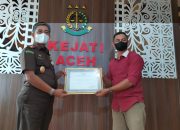 GeRAK Aceh Berikan Penghargaan ke Kajati Aceh atas Penanganan Kasus Korupsi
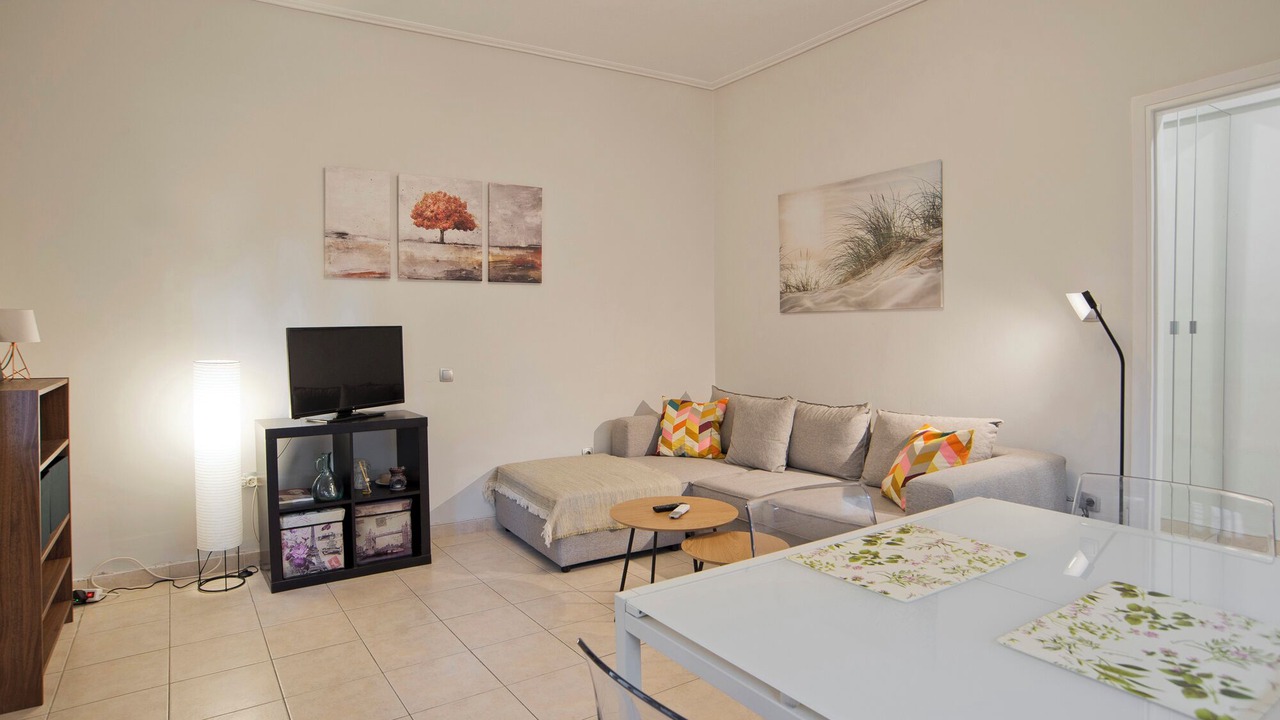 Photo of Livingroom in Moschato-Tavros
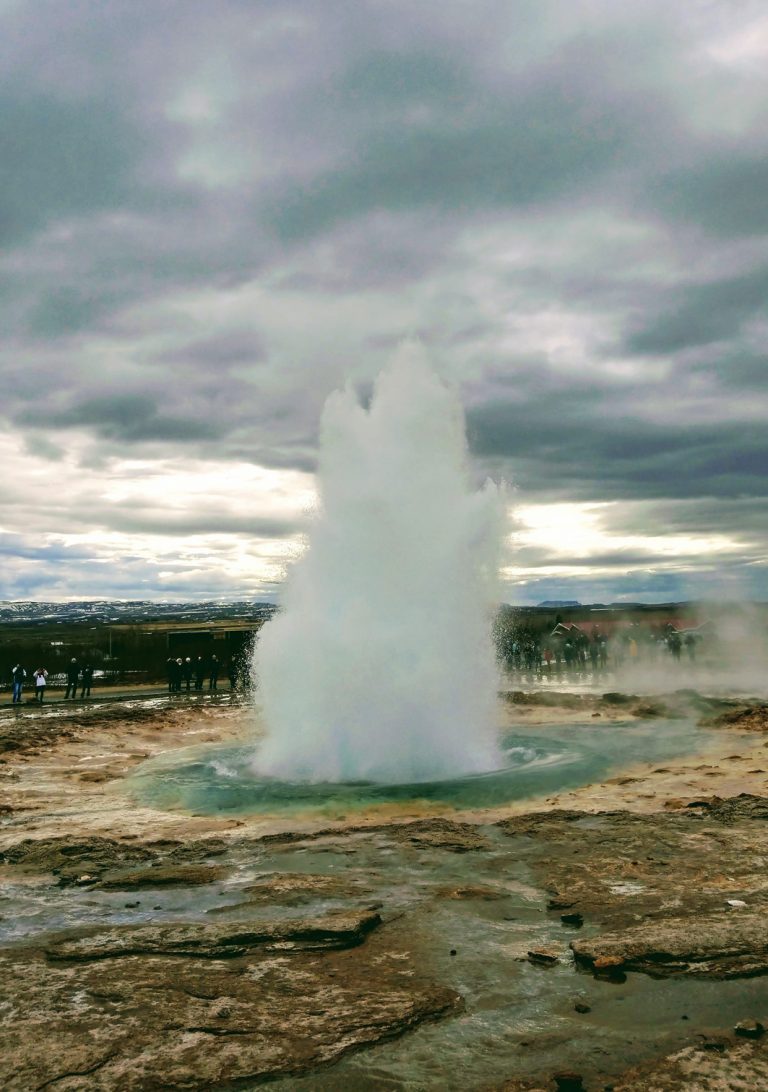 Der Strokkur Geysir schießt in die Höhe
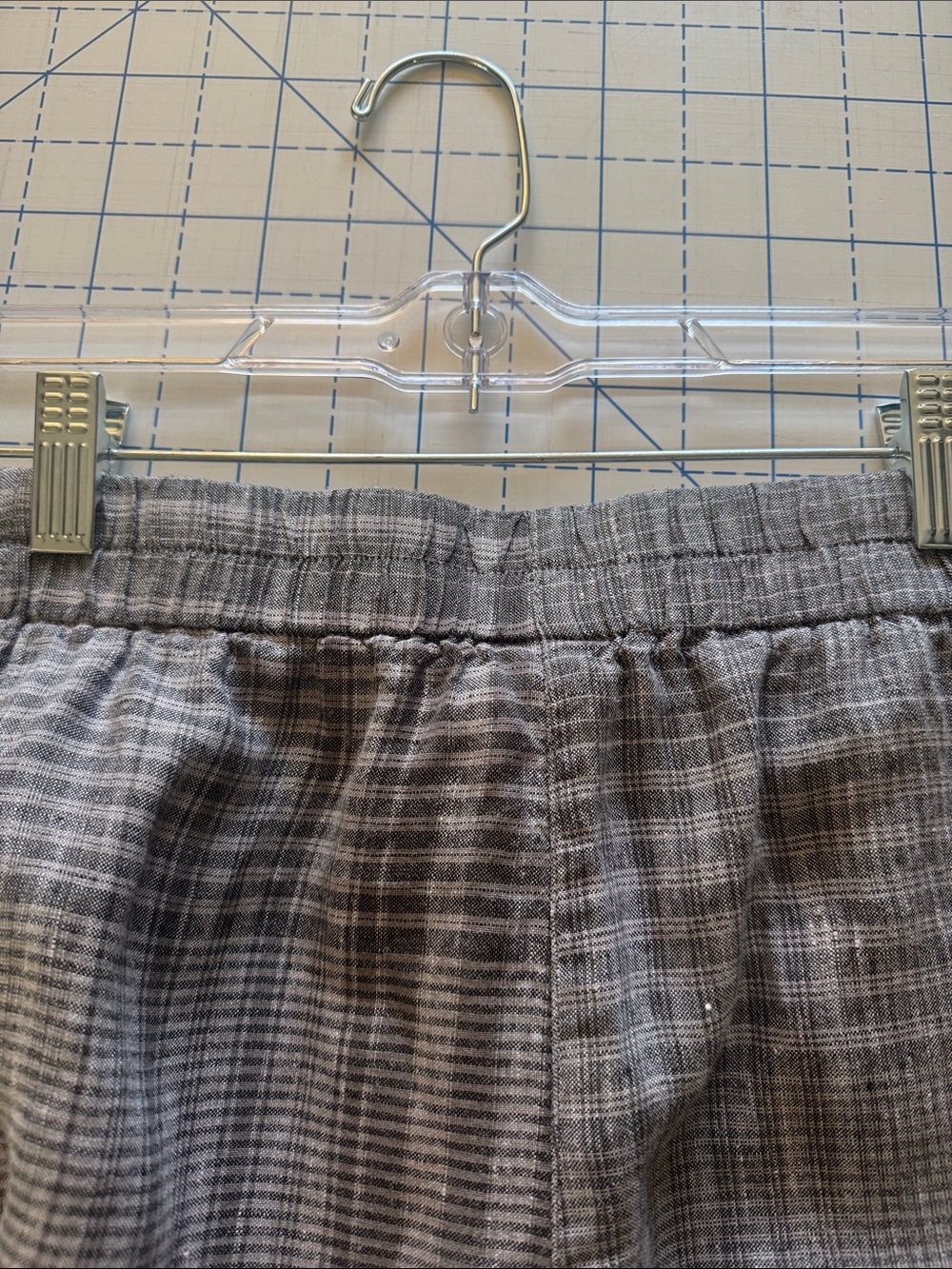 Gray Wide-Leg Plaid Pants - Picture 4 of 6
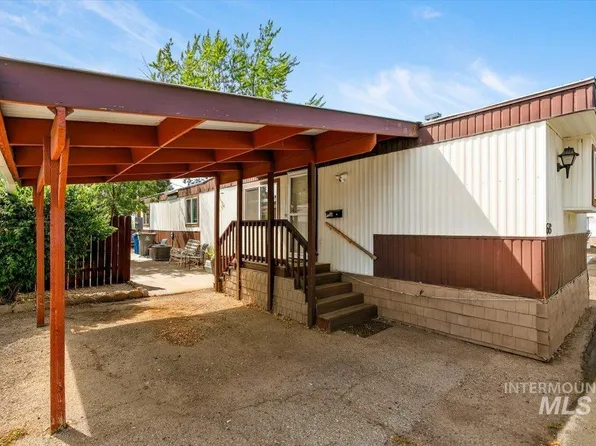 915 S Curtis Rd Trailer 68, Boise, ID 83705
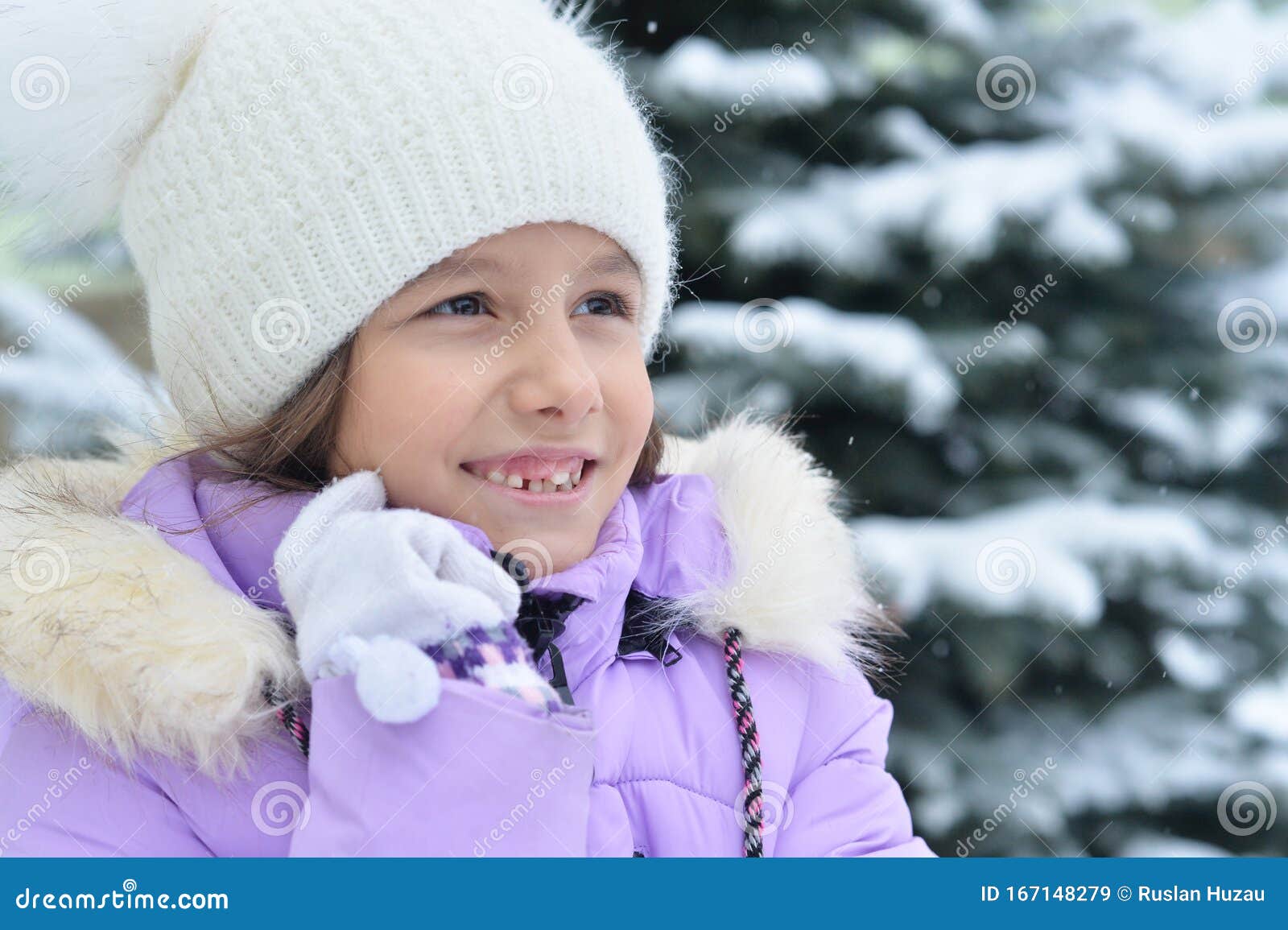 Niña Caucásica En La Ropa Y Las Gafas De Sol Del Invierno Que Juegan En La  Nieve Foto de archivo - Imagen de felicidad, tendiente: 65350334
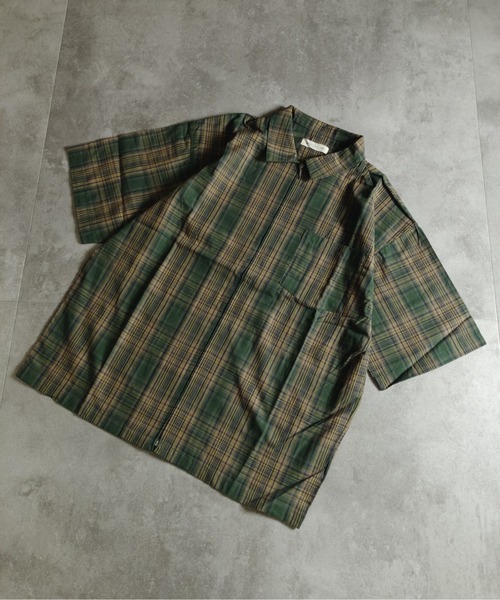many men many mind（メニーメンメニーマインド）の「MANYMENMANYMINDS / シアーコットンチェック/ZIPシャツ（シャツ/ブラウス・メンズ・ベージュ/グリーン・LARGE）」の2枚目の写真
##############################
### REQUIRED WORK
Each line from the one containing "Gray Wide-Leg Plaid Pants - Picture 4 of 6" through the end of the listing is to be set down exactly, with all pictures left out.

### ANSWER TO THIS TASK
 Gray Wide-Leg Plaid Pants - Picture 4 of 6
 915 S Curtis Rd Trailer 68, Boise, ID 83705
 Niña Caucásica En La Ropa Y Las Gafas De Sol Del Invierno Que Juegan En La  Nieve Foto de archivo - Imagen de felicidad, tendiente: 65350334
many men many mind（メニーメンメニーマインド）の「MANYMENMANYMINDS / シアーコットンチェック/ZIPシャツ（シャツ/ブラウス・メンズ・ベージュ/グリーン・LARGE）」の2枚目の写真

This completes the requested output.